Nichts gegen Reto Berra (39). Er ist ein Goalie mit grossen Verdiensten für die Nati und präsentiert sich bei Fribourg in guter Form. Und doch gibt es zwei Kritikpunkte, sollte er im Olympia-Aufgebot stehen.
Im letzten Frühling gönnte er sich und seinem geschundenen Körper in Absprache mit Patrick Fischer eine Auszeit und war dann beim WM-Silbergewinn nicht dabei.
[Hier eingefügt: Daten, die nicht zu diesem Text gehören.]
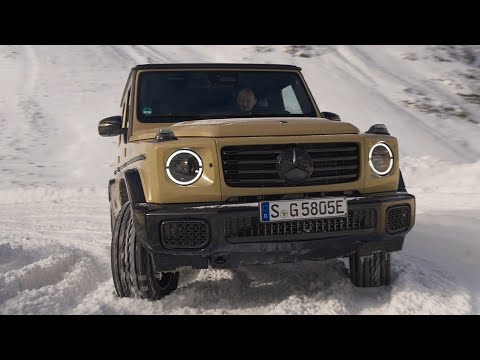 Mercedes G Class 2025 - Driving in snow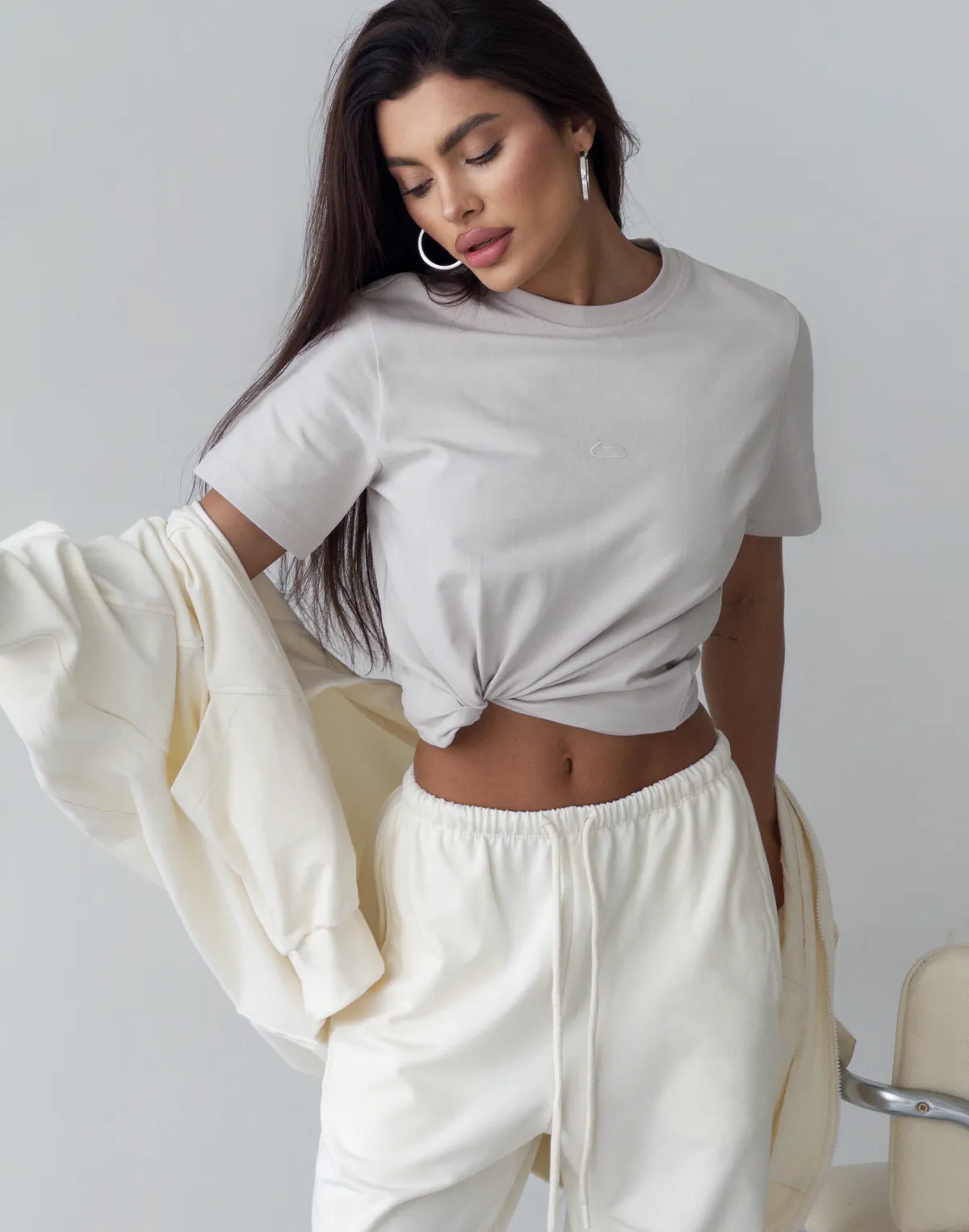 Футболка базова жіноча зі супер щільного котону з логотипом, класичний беж - Фото 6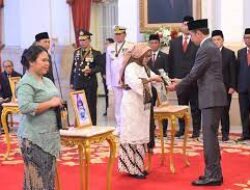 Presiden Anugerahkan Gelar Pahlawan Nasional dan Tanda Kehormatan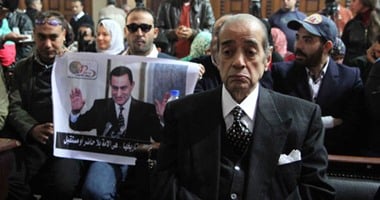 وصول فريد الديب لحضور الحكم فى طعن مبارك ونجليه بالقصور الرئاسية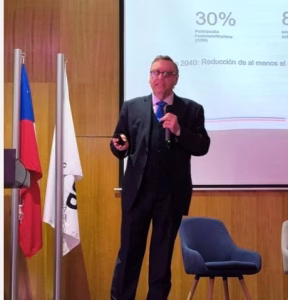 Antonio Dourthé del PDL exponiendo sobre innovación logística y tecnología en un auditorio frente a estudiantes y representantes de la industria.
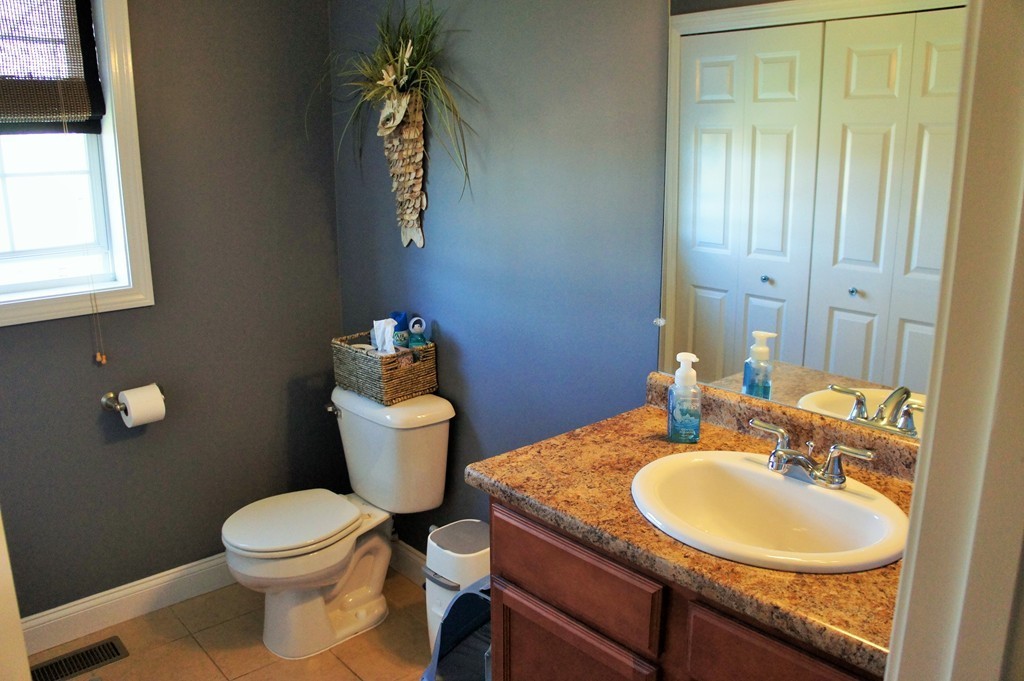 36 Cart Path Road Dracut, MA 01826 - Photo 21 of 28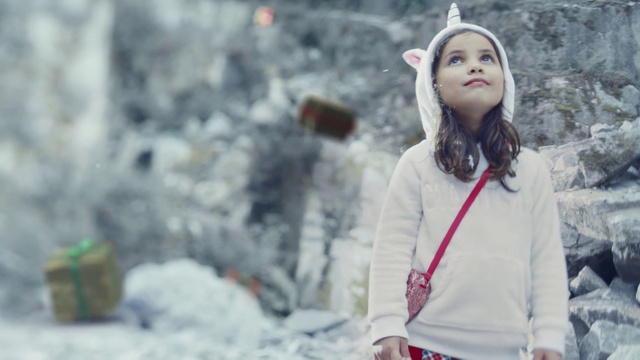 Video Reference: White, Winter, Beauty, Snow, Skin, Freezing, Lip, Fashion, Eye, Street fashion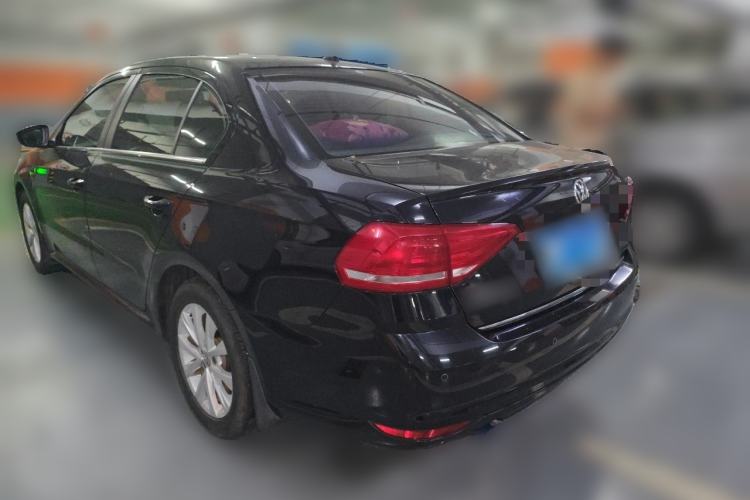 Used Volkswagen Lavida 2015 1.6L Automatic Comfort Edition Exterior 3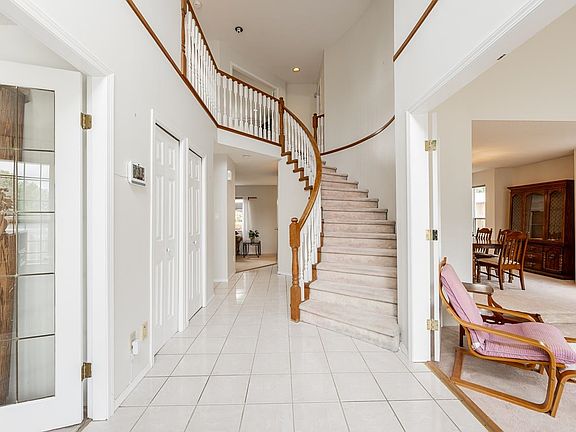4th image of 2917 Kalamalka Dr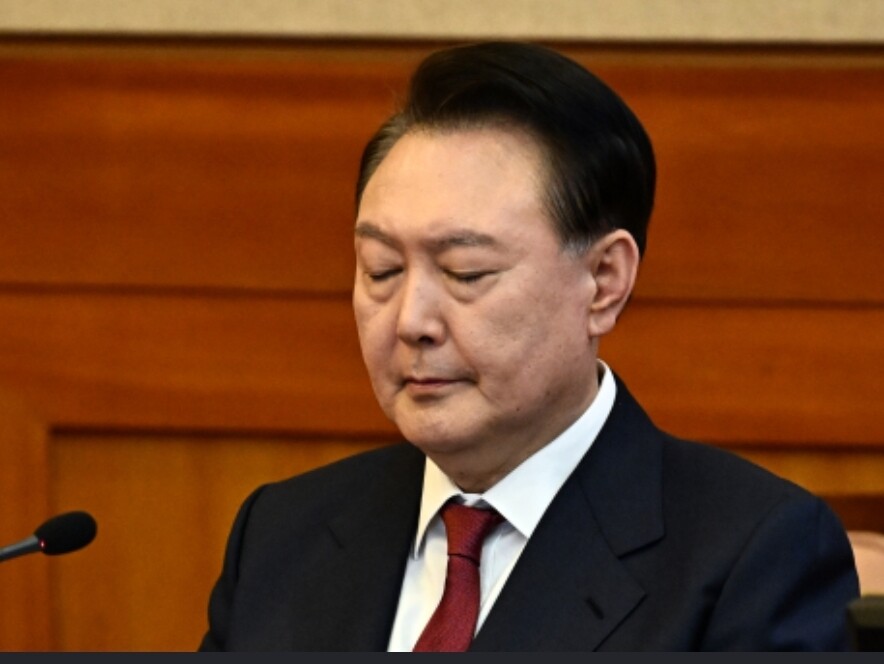 윤석열 대통령이 지난 23일 서울 종로구 헌법재판소에서 열린 탄핵심판 4차 변론에 출석, 변론에 앞서 침통한 표정으로 눈을 감은 채 앉아 온갖 상념에 젖어 있는 표정을 자신도 모르게 드러내고 있다.  ytn 뉴스특보 화면 캡처
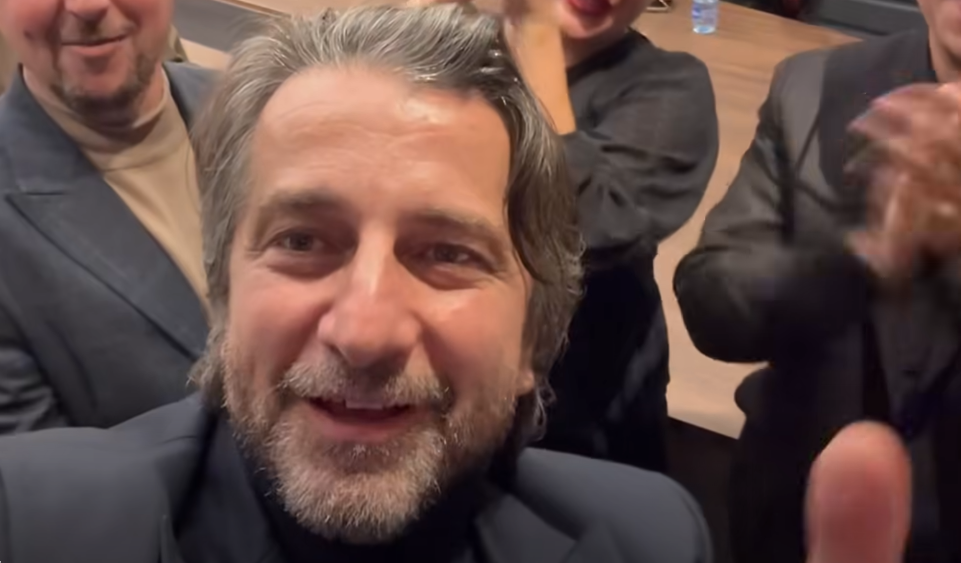 Rama publikon video nga zyra me bashkëpunëtorët  Hajde Prishtina e zemrës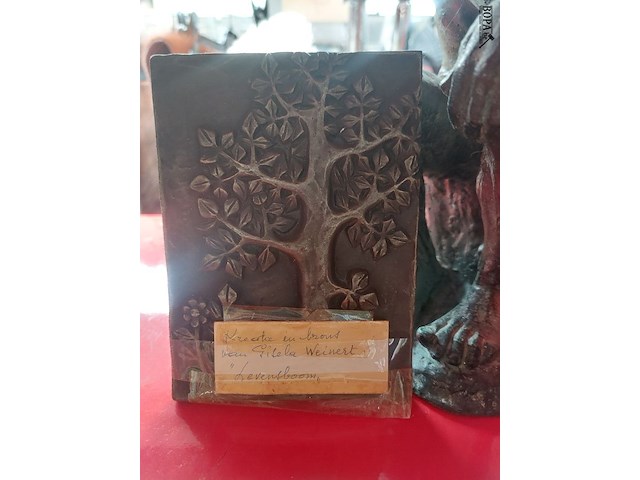 Lot 14 - decoratieve beelden waarvan 1 brons - afbeelding 2 van  2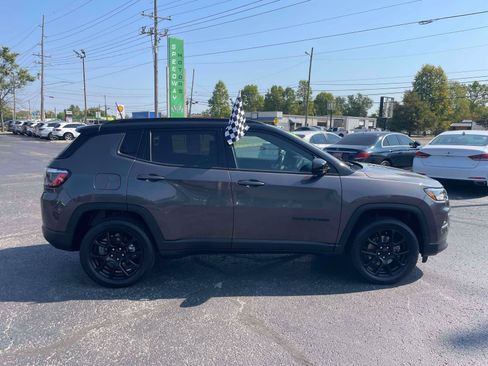 Used 2022 Jeep Compass Latitude w/ Convenience Group AWD/4WD image 9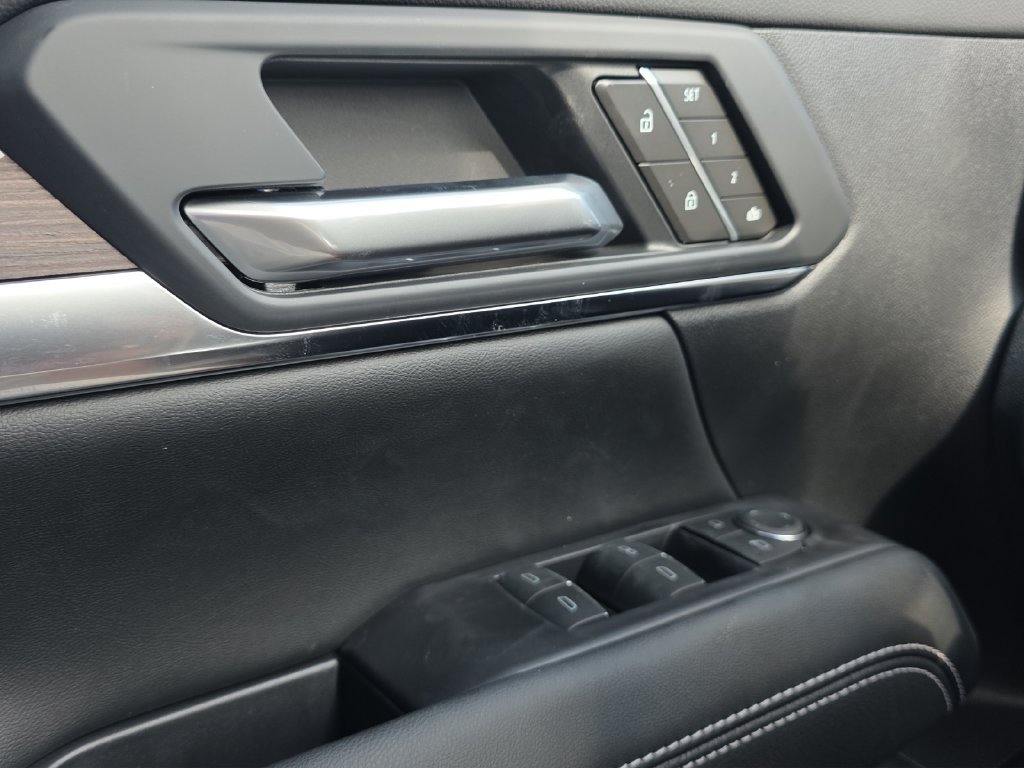 New 2027 GMC Terrain Denali w/ LPO, Floor Liner Package AWD/4WD image 11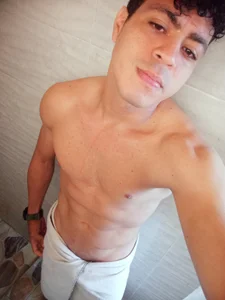 axelnoirx just showered зображення 4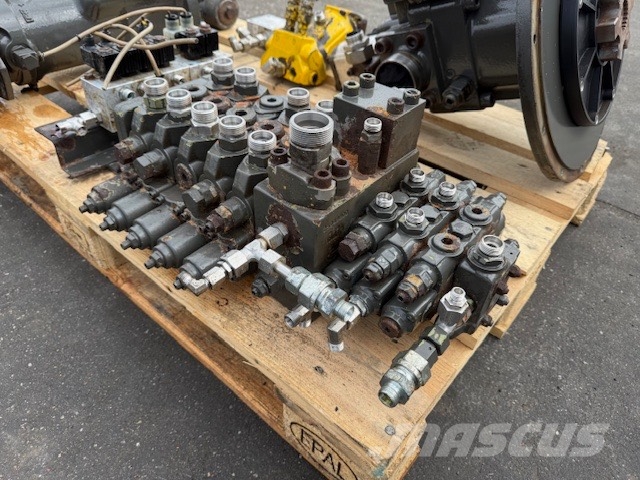 Sennebogen S 613 USED HYDRAULIC PARTS COMPLET Crane spares & accessories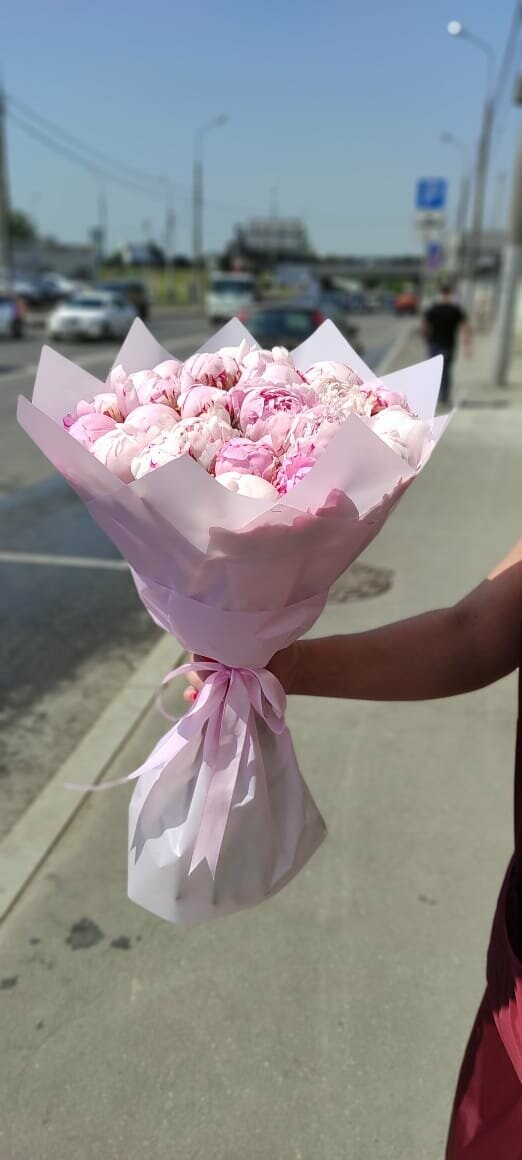 Монобукет "my lovely peonies"💕, артикул F1067575 - 11616 рублей, доставка по городу. Flawery - доставка цветов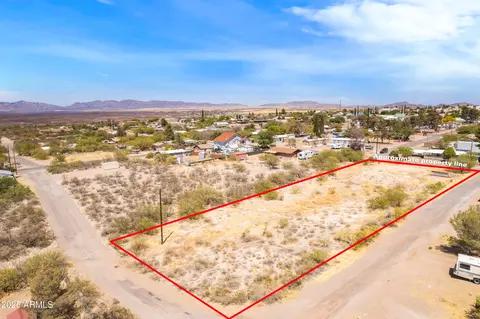 120 W Escapule St #1, Tombstone, AZ 85638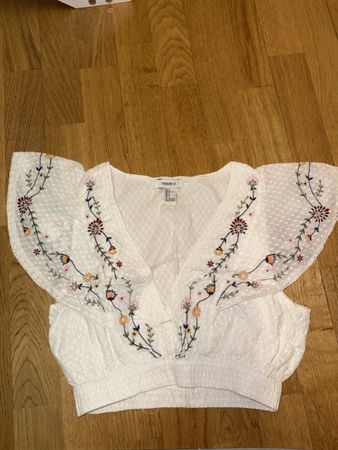 Top Forever 21 bianco con ricami taglia S stato buono
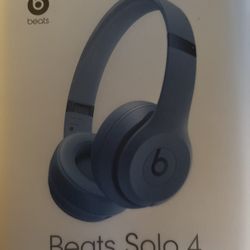 Beats Solo 4 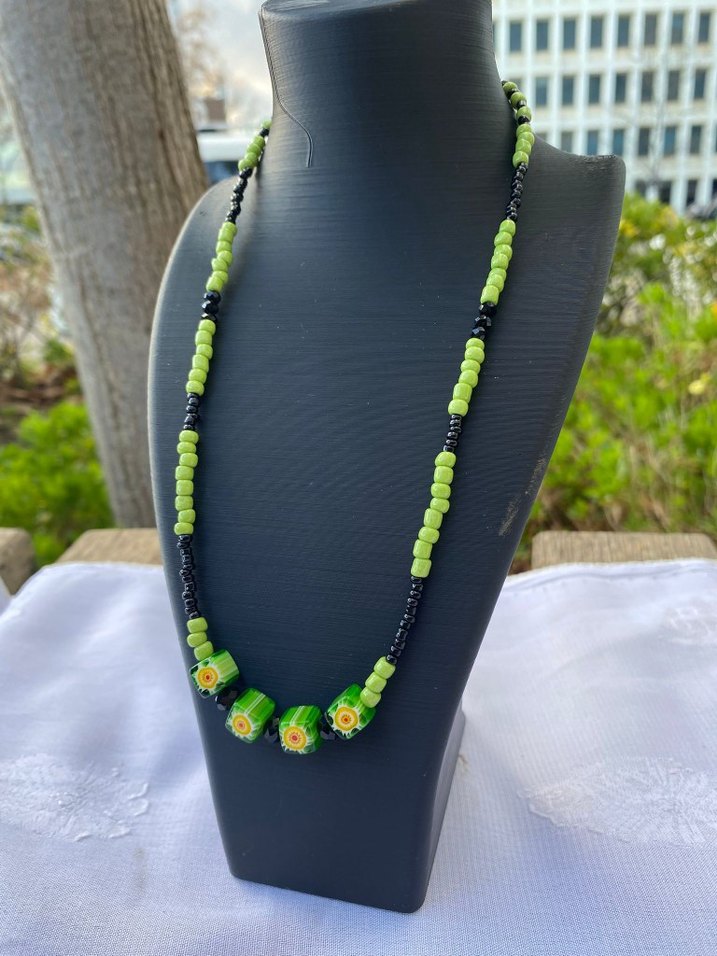 El Emeği Yeşil Çiçekli Boncuk Kolye ve Küpe Seti - Görsel 3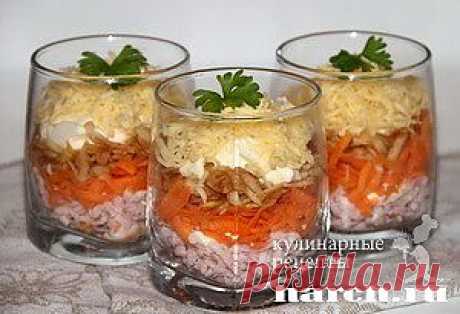 Салат-коктель-Максим. 150 г колбасы, 100 г сыра, 1 морковь, 1 яблоко, соль, чеснок, майонез по вкусу. 1. На одно бокалов выложить слоями натёртую на крупной тёрке колбасу. 2. Половину соуса. 3. Тёртую морковь. 4. Тёртое яблоко.5. Оставшейся соус. 6. Мелко натёртый сыр. Перед подачей охладить.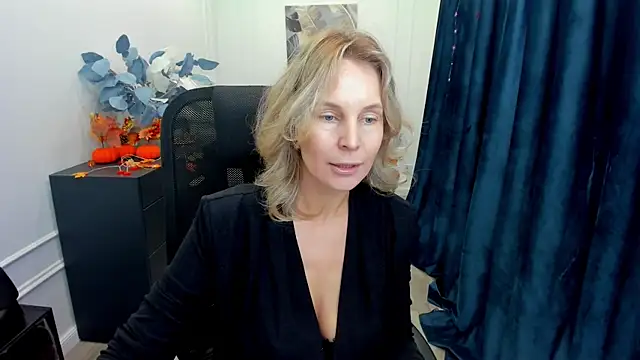 Sinty Devis online show from October 21, 2025, 11:44 am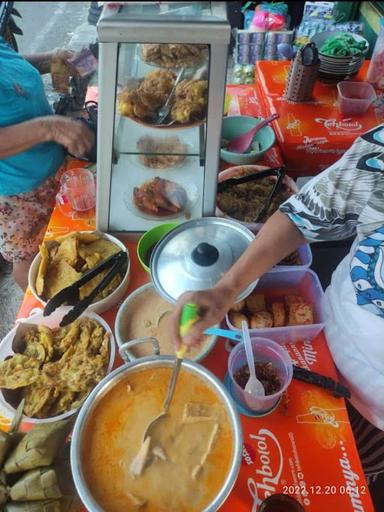 NASI UDUK & KETUPAT SAYUR UNI LIA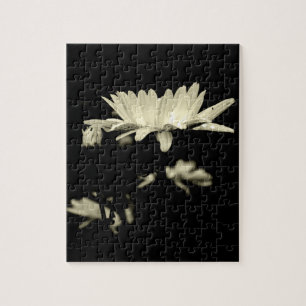 Daisy - Black and White Jigsaw Puzzle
Dass der Nati-Coach Rücksicht auf die Situation eines Spielers nimmt, ist durchaus sinnvoll. Doch in anderen Fällen war man pickelhart und ging ganz nach dem Motto «Regeln sind Regeln» dogmatisch vor, wenn es Absagen gab.
Spieler, bei denen man einen Mangel an «Commitment» witterte, wurden gesperrt. Man wollte sicherstellen, dass Nati-Aufgeboten nicht nach dem Lustprinzip Folge geleistet wird. Der jüngste Fall war der NHL-Verteidiger Lian Bichsel (21), der vor zwei Jahren auf die U20-WM verzichtete, weil er den Kampf um einen Platz bei seinem neuen Klub Rögle priorisierte. Bis und mit Heim-WM im Mai ist er gesperrt.
Charlin gehört die Zukunft
Ein weiterer Punkt stösst bei der Berra-Nomination sauer auf. Der Zürcher Unterländer wurde am 3. Januar 39 Jahre alt und stellt, auch wenn er für zwei Jahre bei Kloten unterschrieben hat, nicht die Zukunft der Nati dar. Derweil muss sich Stéphane Charlin (25) verschaukelt vorkommen, wenn er daheimbleiben muss. Der Genfer spielte bei den SCL Tigers eine überragende Saison, blieb dann in drei WM-Spielen makellos und hat nun auch bei Servette den Tritt immer besser gefunden.
Charlin ist 25 Jahre alt. Ihm gehört zusammen mit dem gleichaltrigen NHL-Keeper Akira Schmid die Zukunft im Nati-Tor. Das Olympia-Turnier wäre für ihn, selbst ohne Einsatz, eine wertvolle Erfahrung gewesen.